Picconate

Anna SegreA Trino, in provincia di Vercelli, l’amministrazione comunale ha accettato di regolarizzare la moschea locale ponendo come condizione l’abbattimento della parete divisoria tra uomini e donne. Questo – è stato detto – per rispettare un principio costituzionale. Leggendo questa notizia mi sono domandata di quale articolo della Costituzione si parlasse. Non certo dell’articolo 8, “Tutte le confessioni religiose sono egualmente libere davanti alla legge”, e neppure dell’articolo 19, “Tutti hanno diritto di professare liberamente la propria fede religiosa in qualsiasi forma, individuale o associata, di farne propaganda e di esercitarne in privato o in pubblico il culto, purché non si tratti di riti contrari al buon costume”; mi pare davvero difficile, infatti, definire “contraria al buon costume” l’usanza di pregare separati per non essere distratti dalla presenza di persone dell’altro sesso; casomai la si dovrebbe definire esageratamente attenta al buon costume. Dunque di quale articolo si parla? Dove mai nella nostra Costituzione sta scritto che le amministrazioni comunali hanno diritto di decidere in quali spazi i fedeli si devono disporre durante la preghiera? Cerco di approfondire la questione e scopro che l’articolo chiamato in causa è il 3, che sancisce l’uguaglianza tra tutti i cittadini senza distinzioni di sesso. Credevo che essere uguali significasse avere gli stessi diritti e gli stessi doveri, non che si dovesse essere obbligati a condividere gli stessi spazi. Oppure essere uguali può significare che gli uomini e le donne dovrebbero avere le stesse possibilità di accesso ai ruoli chiave, comprese le cariche religiose. In tal caso sarebbero fuorilegge l’ebraismo ortodosso, il cattolicesimo e l’islam, dato che rabbini, preti e imam sono solo uomini. In pratica secondo questa logica le uniche religioni consentite in Italia dovrebbero essere l’ebraismo riformato e il protestantesimo (e forse poche altre che non conosco). Se poi si richiedesse una presenza paritaria di donne negli organi che prendono le decisioni credo che sarebbe fuorilegge l’Italia intera. Dunque meglio lasciar perdere l’articolo 3, altrimenti siamo nei guai.
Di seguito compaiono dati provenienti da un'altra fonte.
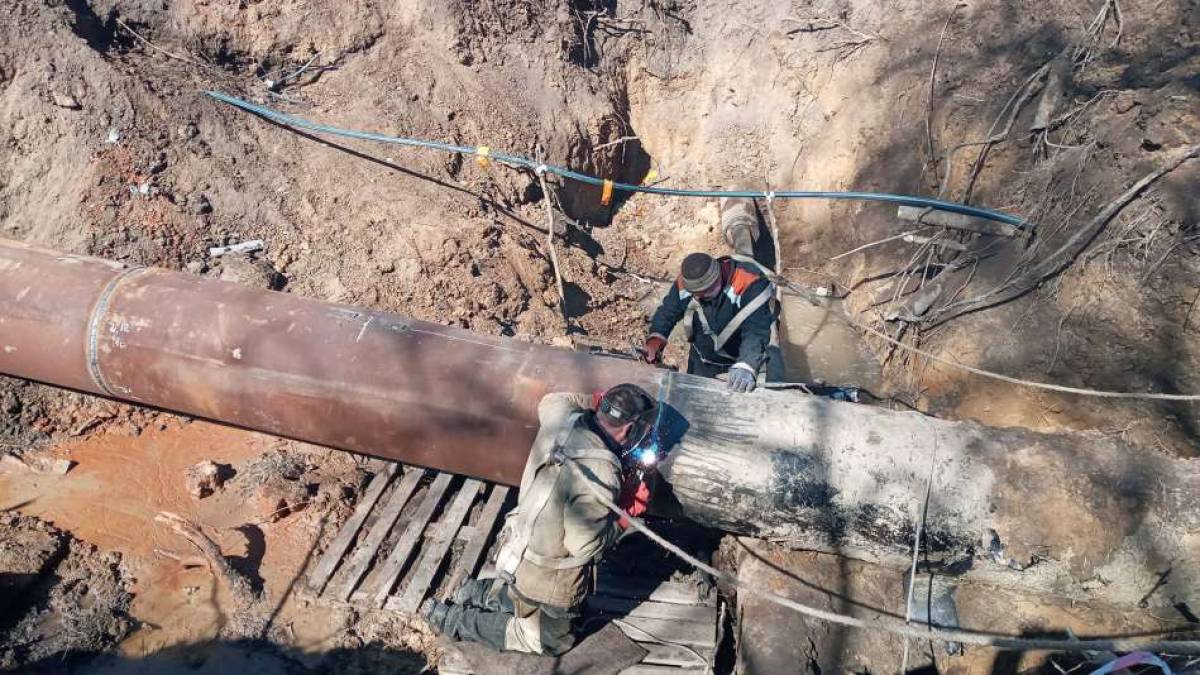 Как в Запорожье восстановили поврежденный в результате вражеского обстрела газопровод, фото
Ho trovato sconcertante anche il modo trionfalistico e quasi del tutto acritico in cui questa vicenda è stata raccontata qualche giorno fa da “Striscia la notizia”, che pure in teoria dovrebbe essere un tg satirico: si parla di muri abbattuti (montaggio alternato con scene della distruzione del muro di Berlino), di “un piccolo passo per l’uomo, un grandissimo passo per la comunità” e, cosa più inquietante di tutte, le motivazioni della separazione sono presentate con un tono sgradevolmente sarcastico e con un’animazione di dubbio gusto.
Dico inquietante perché naturalmente la cosa riguarda anche noi. Anche noi ebrei ortodossi preghiamo separati e anche noi affermiamo ufficialmente che la promiscuità potrebbe essere un fattore di distrazione. Lo abbiamo sempre fatto e non mi risulta che nessuno ci abbia mai imposto di fare diversamente. Cosa succederà d’ora in poi? Sarà anche questo un caso come quello della circoncisione o della macellazione rituale in cui i politici che vogliono colpire l’islam finiscono per colpire anche noi? Personalmente mi sono spesso lamentata del fatto che gli spazi assegnati alle donne nelle sinagoghe siano più scomodi, più lontani dal centro, privi di banchi su cui appoggiare i libri, ecc. Ma non ho mai pensato che la separazione in sé potesse essere considerata discriminatoria: basterebbe suddividere gli spazi più equamente. Peraltro mi risulta che anche nelle chiese fino a non troppo tempo fa uomini e donne usassero sedere separati.
Non mi darebbe fastidio se la mehitzà, la barriera che separa uomini e donne, fosse un giorno abbattuta per una decisione del rabbinato o delle Comunità, ma se fossero le autorità locali a impormi di abbatterla credo che la difenderei con tutte le mie forze. Se oggi si prende a picconate la libertà di professare liberamente la propria religione quale altra libertà si prenderà a picconate domani?